Generate the json spec

# we setup the data model, here a Single Task GP
surrogate_data = SingleTaskGPSurrogate(inputs=input_features, outputs=output_features)

# we generate the json spec
jspec = surrogate_data.model_dump_json()

jspec
'{"hyperconfig":{"type":"SingleTaskGPHyperconfig","hyperstrategy":"FractionalFactorialStrategy","inputs":{"type":"Inputs","features":[{"type":"CategoricalInput","key":"kernel","categories":["rbf","matern_1.5","matern_2.5"],"allowed":[true,true,true]},{"type":"CategoricalInput","key":"prior","categories":["mbo","threesix","hvarfner"],"allowed":[true,true,true]},{"type":"CategoricalInput","key":"scalekernel","categories":["True","False"],"allowed":[true,true]},{"type":"CategoricalInput","key":"ard","categories":["True","False"],"allowed":[true,true]}]},"n_iterations":null,"target_metric":"MAE","lengthscale_constraint":null,"outputscale_constraint":null},"engineered_features":{"type":"EngineeredFeatures","features":[]},"type":"SingleTaskGPSurrogate","inputs":{"type":"Inputs","features":[{"type":"ContinuousInput","key":"x_1","unit":null,"bounds":[-6.0,6.0],"local_relative_bounds":null,"stepsize":null,"allow_zero":false},{"type":"ContinuousInput","key":"x_2","unit":null,"bounds":[-6.0,6.0],"local_relative_bounds":null,"stepsize":null,"allow_zero":false}]},"outputs":{"type":"Outputs","features":[{"type":"ContinuousOutput","key":"y","unit":null,"objective":{"type":"MinimizeObjective","w":1.0,"bounds":[0.0,1.0]}}]},"input_preprocessing_specs":{},"dump":null,"categorical_encodings":{},"scaler":{"type":"Normalize","features":[]},"output_scaler":"STANDARDIZE","kernel":{"type":"RBFKernel","features":null,"ard":true,"lengthscale_prior":{"type":"DimensionalityScaledLogNormalPrior","loc":1.4142135623730951,"loc_scaling":0.5,"scale":1.7320508075688772,"scale_scaling":0.0},"lengthscale_constraint":null},"noise_prior":{"type":"LogNormalPrior","loc":-4.0,"scale":1.0}}'

Load it from the spec

surrogate_data = TypeAdapter(AnySurrogate).validate_json(jspec)

Map it

surrogate = surrogates.map(surrogate_data)

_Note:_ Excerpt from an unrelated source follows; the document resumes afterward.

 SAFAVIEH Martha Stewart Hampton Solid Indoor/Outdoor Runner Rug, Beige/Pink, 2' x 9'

Fit it. This is not 100% finished. In the future we will call here hyperfit which will return the CV results etc. This has to be finished. So ignore this for now and just call fit.

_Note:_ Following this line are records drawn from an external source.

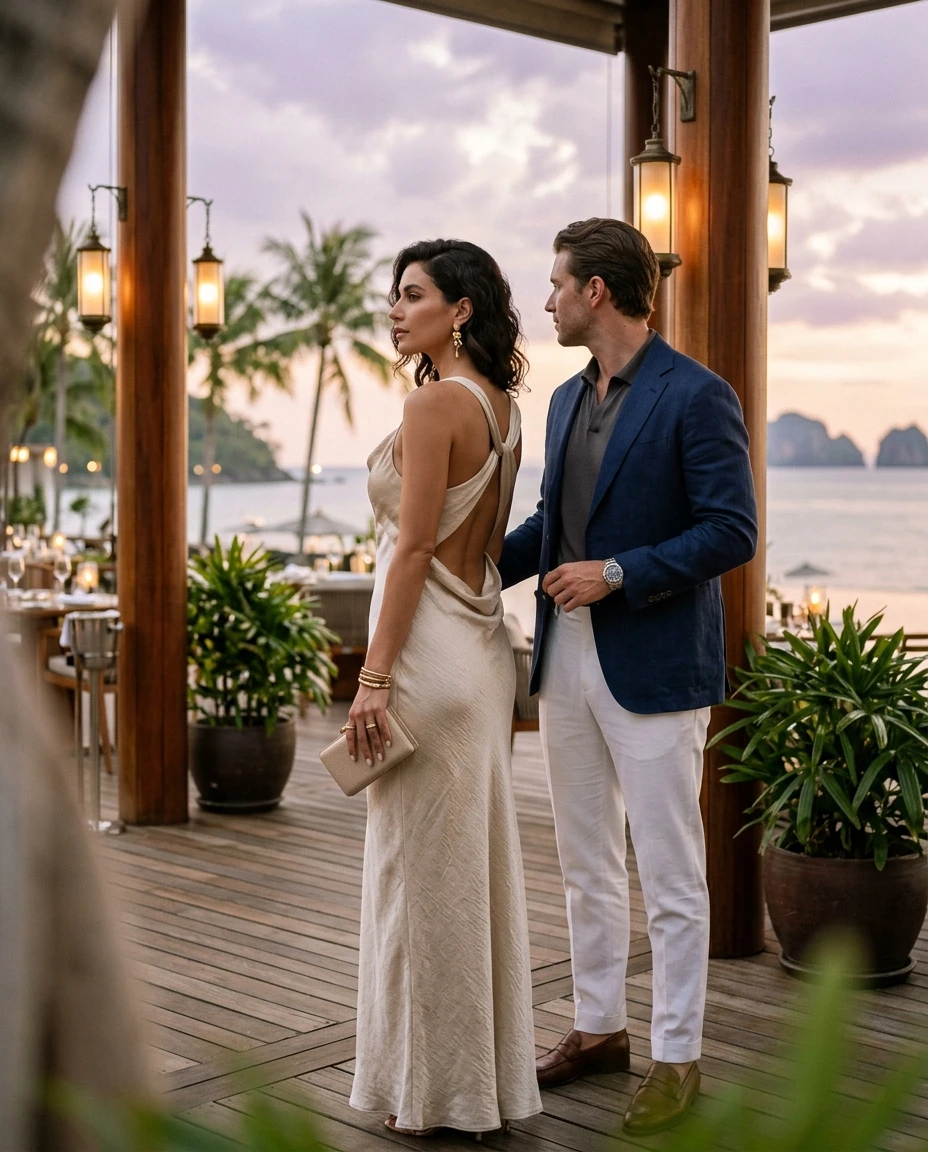 Gemma Deeks Style Guide: Formal attire Date night in Phuket Summer 2026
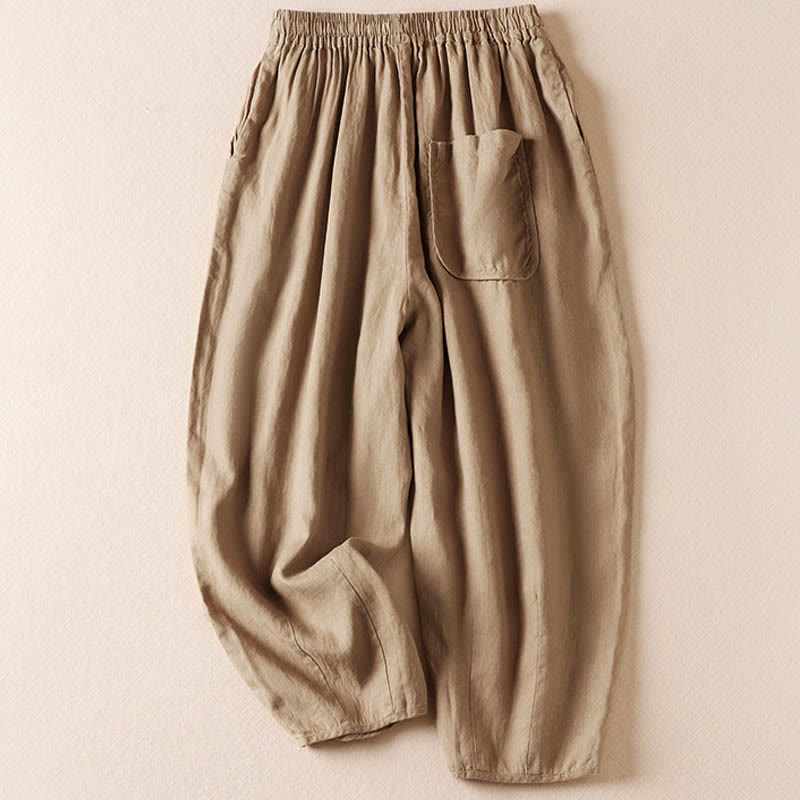 Pantaloni harem con ricamo di piccoli fiori estivi Buddha Stones e tasche - image 3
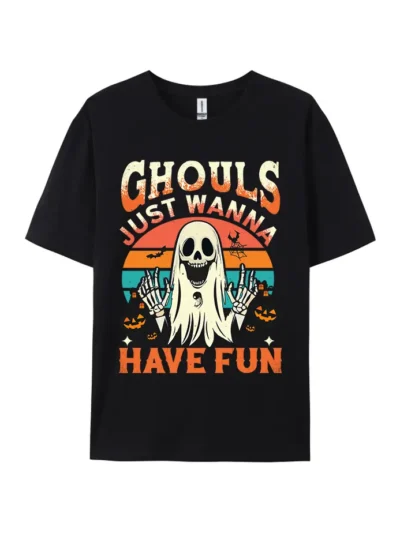 Halloween Ghouls Have Fun Graphic Tee
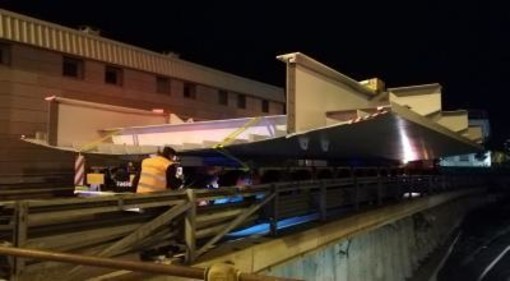 Trasporto eccezionale al cantiere Ponente il 3 gennaio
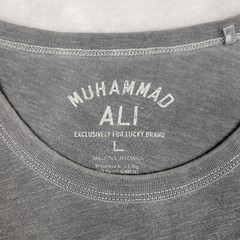 Muhammed Ali Shirt Men Large Boxer Fight Greatest Thrilla Manila Retro 70s Adult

surrogate.fit(experiments=experiments)
/opt/hostedtoolcache/Python/3.12.12/x64/lib/python3.12/site-packages/bofire/surrogates/botorch.py:181: UserWarning:

The given NumPy array is not writable, and PyTorch does not support non-writable tensors. This means writing to this tensor will result in undefined behavior. You may want to copy the array to protect its data or make it writable before converting it to a tensor. This type of warning will be suppressed for the rest of this program. (Triggered internally at /pytorch/torch/csrc/utils/tensor_numpy.cpp:213.)

Dump it.

# dump it
dump = surrogate.dumps()

Make predictions.

# predict with it
df_predictions = surrogate.predict(experiments)
# transform to spec
predictions = surrogate.to_predictions(predictions=df_predictions)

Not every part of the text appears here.